Cake
  • Log In
  • Sign Up
    • One thing I have found confusing lately with an infant is getting used to the new names everyone in our family has. My parents were always Mom & Dad, their parents were always Grandpa (First Name or Last Name) and Grandma (First Name or Last Name). It was much easier figuring out what everyone is call.

      Now I am Dad, and my wife is Mom. But my parents are also Mom and Dad. But they are also Grandma and Grandpa, or Nana and Papa on my Wife's side. And then there are Great Grandparents who are still around (luckily), and who knows what they should be called!

      Anyone have tricks on navigating this titular confusion? Is this just a fact of life I have to live with now?

    • When I was growing up, my parents always referred to my grandparents as "Grandma" and "Grandpa" when speaking to me and my siblings, but would usually use "Mom" or "Dad" when speaking to each other or other adults.

      I remember understanding the distinction (Grandma was "Grandma" to me but "Mom" to my mom) at a very early age, so I don't think it ever caused any confusion. I also understood that my great grandma was my grandma's mom and my mom's grandma.

      Related: I'm glad my parents taught us the words "grandma" and "grandpa" and didn't encourage us to use baby-talk words like "memaw" or "pepaw" or "mawmaw" or "pawpaw" or any of the other things kids say when they're still learning to pronounce things. I think that saved us a bunch of confusion as we got older, since those baby-talk words would've been embarrassing to say, but also endearing, so I would've felt like I had to keep using them even though I wouldn't have wanted to. 😄

    • Interesting. In my wife's family her grandfather is known as "Papa" and her grandmother is "Nana". I always thought that was strange as I grew up saying Grandma / Grandpa. I have gotten pretty used to it now, and it now actually seems to make a great shorthand. Thinking about it more, if my parents are Grandma and Grandpa, and her parents are Nana and Papa it makes a pretty easy distinction.

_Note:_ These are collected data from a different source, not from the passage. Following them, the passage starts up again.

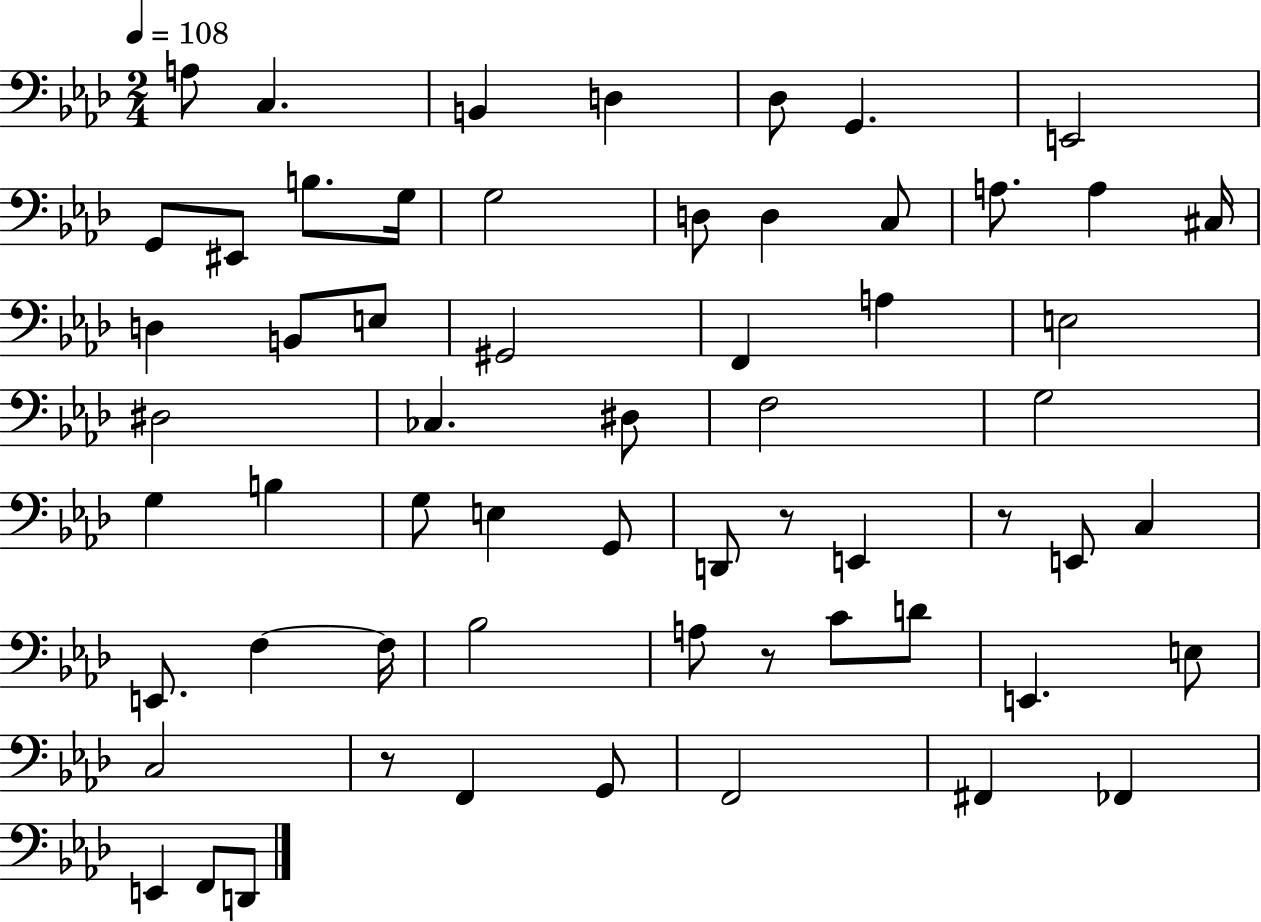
A3/e C3/q. B2/q D3/q Db3/e G2/q. E2/h G2/e EIS2/e B3/e. G3/s G3/h D3/e D3/q C3/e A3/e. A3/q C#3/s D3/q B2/e E3/e G#2/h F2/q A3/q E3/h D#3/h CES3/q. D#3/e F3/h G3/h G3/q B3/q G3/e E3/q G2/e D2/e R/e E2/q R/e E2/e C3/q E2/e. F3/q F3/s Bb3/h A3/e R/e C4/e D4/e E2/q. E3/e C3/h R/e F2/q G2/e F2/h F#2/q FES2/q E2/q F2/e D2/e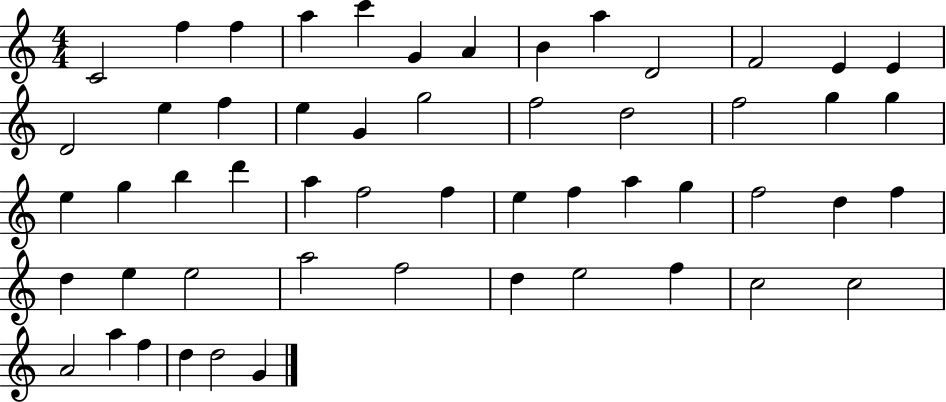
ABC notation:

X:1
T:Untitled
M:4/4
L:1/4
K:C
C2 f f a c' G A B a D2 F2 E E D2 e f e G g2 f2 d2 f2 g g e g b d' a f2 f e f a g f2 d f d e e2 a2 f2 d e2 f c2 c2 A2 a f d d2 G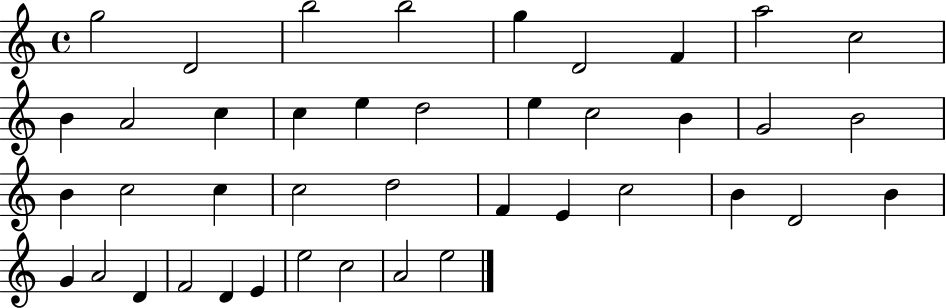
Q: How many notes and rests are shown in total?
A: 41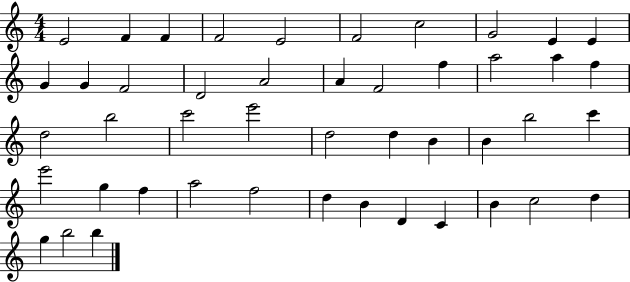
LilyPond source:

{
  \clef treble
  \numericTimeSignature
  \time 4/4
  \key c \major
  e'2 f'4 f'4 | f'2 e'2 | f'2 c''2 | g'2 e'4 e'4 | \break g'4 g'4 f'2 | d'2 a'2 | a'4 f'2 f''4 | a''2 a''4 f''4 | \break d''2 b''2 | c'''2 e'''2 | d''2 d''4 b'4 | b'4 b''2 c'''4 | \break e'''2 g''4 f''4 | a''2 f''2 | d''4 b'4 d'4 c'4 | b'4 c''2 d''4 | \break g''4 b''2 b''4 | \bar "|."
}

      I suppose it depends a little bit on family unit too: my cousins always referred to our shared grandfather as "shorty", even though he was quite tall. He called them shorty a few times so they started just calling him shorty too and it stuck.

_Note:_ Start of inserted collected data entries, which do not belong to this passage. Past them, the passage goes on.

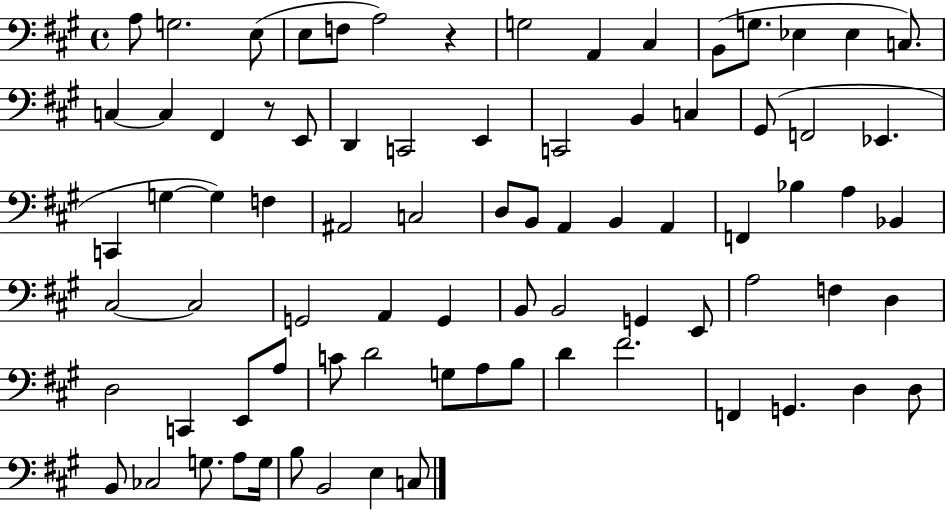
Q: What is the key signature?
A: A major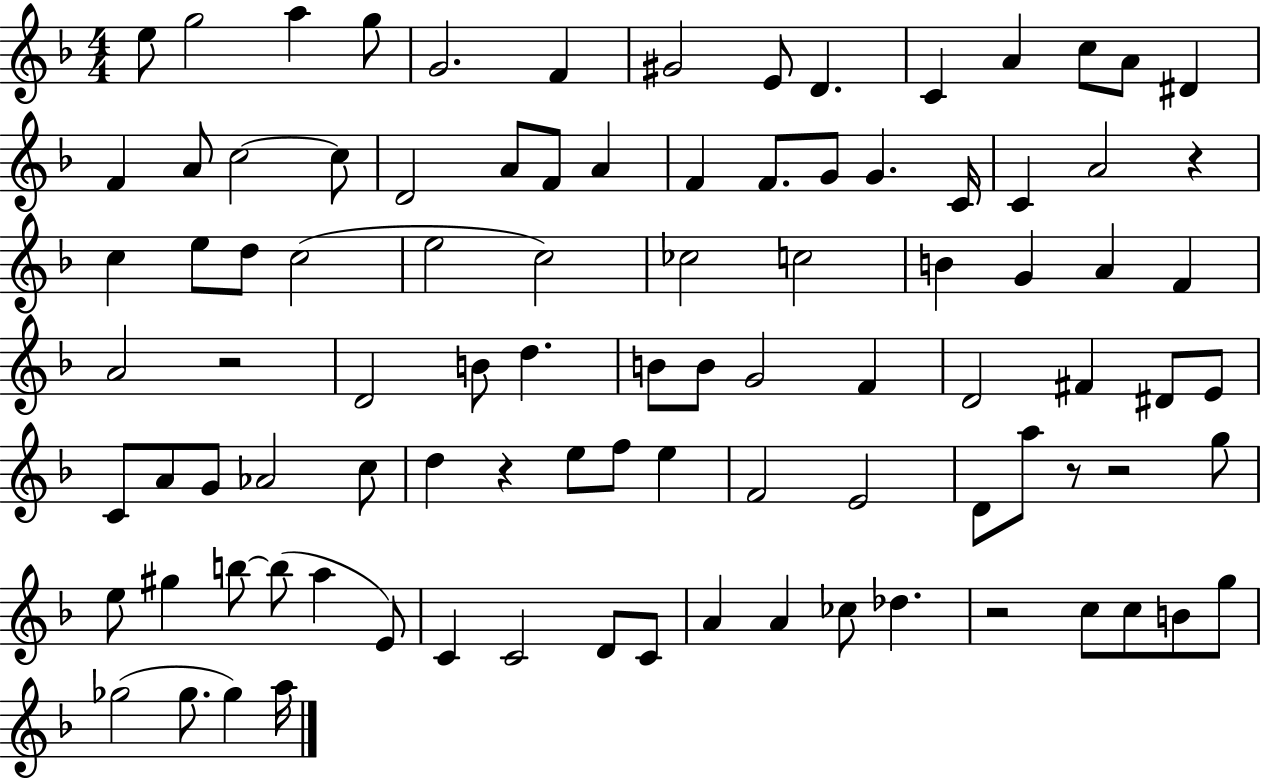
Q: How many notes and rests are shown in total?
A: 95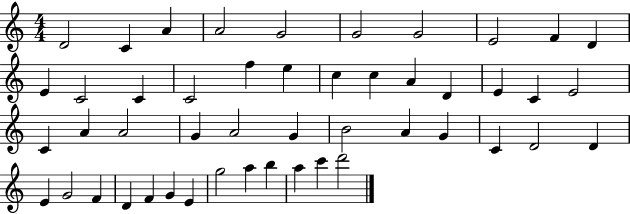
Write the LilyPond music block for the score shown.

{
  \clef treble
  \numericTimeSignature
  \time 4/4
  \key c \major
  d'2 c'4 a'4 | a'2 g'2 | g'2 g'2 | e'2 f'4 d'4 | \break e'4 c'2 c'4 | c'2 f''4 e''4 | c''4 c''4 a'4 d'4 | e'4 c'4 e'2 | \break c'4 a'4 a'2 | g'4 a'2 g'4 | b'2 a'4 g'4 | c'4 d'2 d'4 | \break e'4 g'2 f'4 | d'4 f'4 g'4 e'4 | g''2 a''4 b''4 | a''4 c'''4 d'''2 | \break \bar "|."
}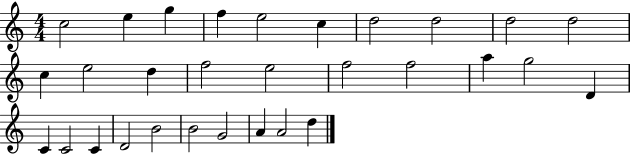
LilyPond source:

{
  \clef treble
  \numericTimeSignature
  \time 4/4
  \key c \major
  c''2 e''4 g''4 | f''4 e''2 c''4 | d''2 d''2 | d''2 d''2 | \break c''4 e''2 d''4 | f''2 e''2 | f''2 f''2 | a''4 g''2 d'4 | \break c'4 c'2 c'4 | d'2 b'2 | b'2 g'2 | a'4 a'2 d''4 | \break \bar "|."
}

    • When talking with one another, my wife and I tend to refer to our parents with possessive pronouns ("my dad," "your parents"); we only bust out the new nicknames when in a conversation that includes the 15-month-old ("grandma and grampa are coming over!"). We'll see if that gets confusing for the little one when she can say more than a few dozen words. :)

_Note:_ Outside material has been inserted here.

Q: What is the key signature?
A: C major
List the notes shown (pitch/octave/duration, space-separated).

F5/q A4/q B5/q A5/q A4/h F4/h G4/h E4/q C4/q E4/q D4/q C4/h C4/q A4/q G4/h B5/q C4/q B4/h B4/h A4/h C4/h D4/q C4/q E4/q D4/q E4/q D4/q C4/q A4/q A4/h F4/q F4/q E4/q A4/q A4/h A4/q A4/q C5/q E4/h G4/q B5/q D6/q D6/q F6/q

    • Yea! After about a year, that is what we have settled on as well. It feels pretty natural so far. It does make me wonder how long it will take for our kid to grasp that our parents are also her grandparents 🤔

    • Haha, oh jeez, I was trying to find new topics on Cake with more activity than the ones I was following for, dropped by "parenting," saw the post was "December 1" and thought it was a few days old. Sorry for the thread revival. Glad things worked out over the course of the year. though! 😂

    • Oh no that's great! Off topic, but one of the things that's so awesome about Cake is conversation persistence. My interest in this didn't change, happy someone wants to talk about it 😄

    • My mother-in-law actually has three names that her grandchildren call her. She has three sons and each set of grandkids call her by a different name. The oldest son’s kids call her NeNe (like ‘nee nee’) and have done so for the past 16 years. There was a large gap before more grandkids care into the picture. When my husband and I were expecting at the same time as his younger brother, we asked her if she still wanted that name or if she had something else she wanted. We all decided that Lulu would be perfect as it was a play off of her name. Well, fast forward to when our kids could start talking and turned out that my niece couldn’t pronounce Lulu without it sounding more like Nunu (‘noo noo’). So now that family calls her Nunu. Our son can say Lulu so we stayed with that name as it sounds so cute to hear him say her name with a rolled L sound. She doesn’t seem to care that she has three names but I suspect that we could call her anything and she’d be happy. She just loves having grandkids.

    You've been invited!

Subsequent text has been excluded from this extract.